** RAW DATA follows **

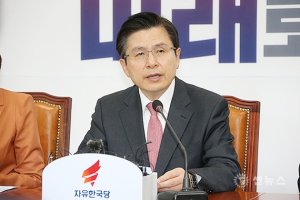 황교안, 박근혜 석방 촉구...'여성의 몸으로 오래 구금'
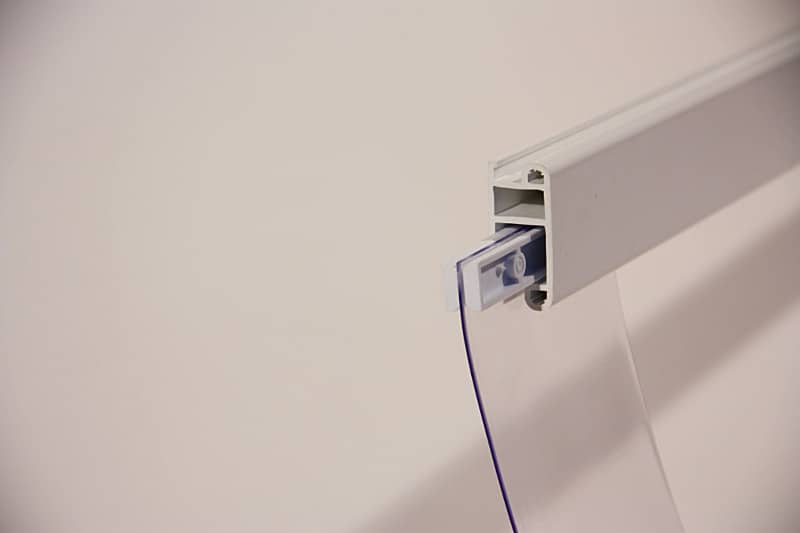 Cool strip hanging system - EXTRUFLEX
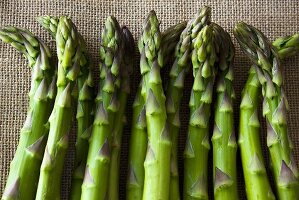 Green asparagus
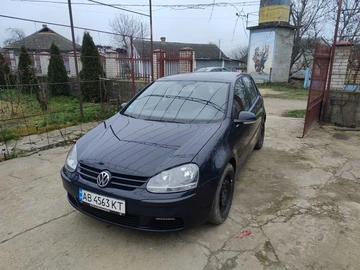 Авто Volkswagen Golf 2003 № 8332643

** End of RAW DATA **

Beginning with the line that contains "Green asparagus" and ending with the final line of the material, reproduce those lines exactly and nothing else. Omit the pictures.

FINISHED EXERCISE:
 Green asparagus
 Авто Volkswagen Golf 2003 № 8332643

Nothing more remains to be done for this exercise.